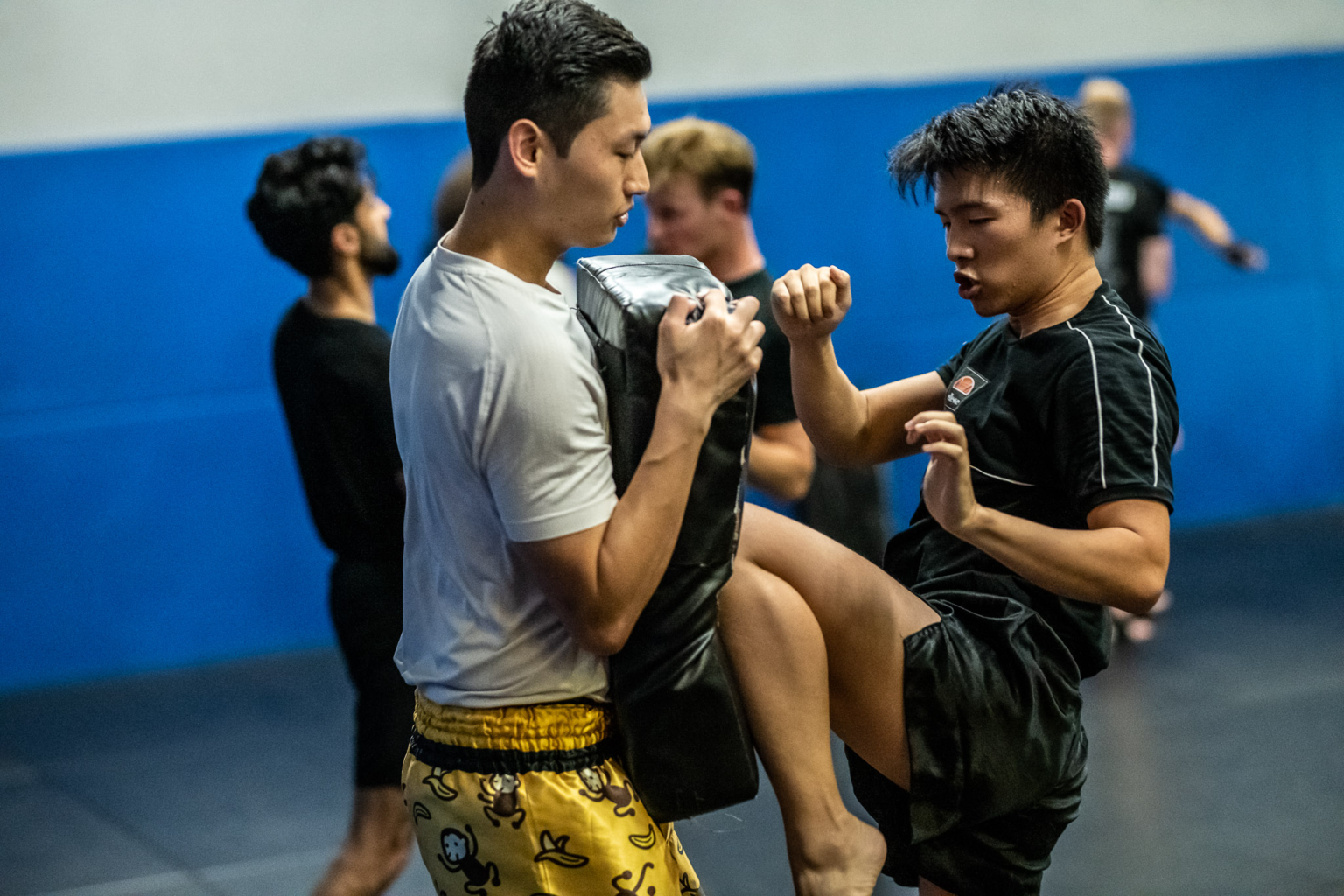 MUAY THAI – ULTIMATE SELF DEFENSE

▬▬▬▬▬▬▬▬▬▬

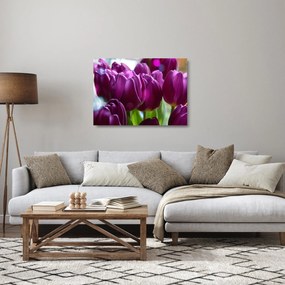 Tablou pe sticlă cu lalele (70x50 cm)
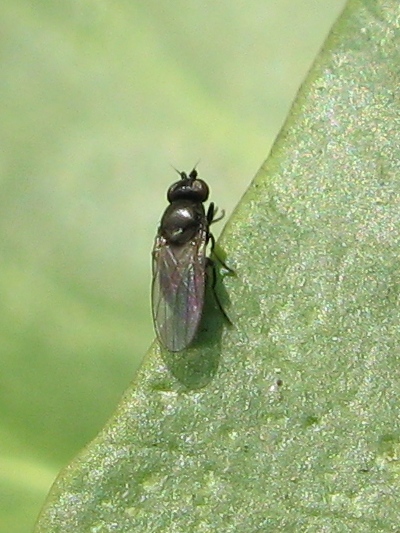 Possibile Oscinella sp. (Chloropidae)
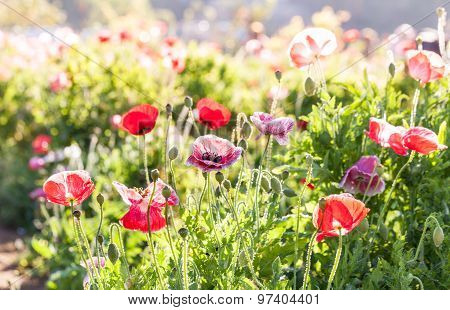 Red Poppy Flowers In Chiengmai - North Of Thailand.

▬▬▬▬▬▬▬▬▬▬

About this exercise -
Look above for the line with "Possibile Oscinella sp. (Chloropidae)" and the line with "Red Poppy Flowers". Give again exactly those two lines and all lines between them, pictures excluded.

Solution for this exercise -
 Possibile Oscinella sp. (Chloropidae)
 Red Poppy Flowers In Chiengmai - North Of Thailand.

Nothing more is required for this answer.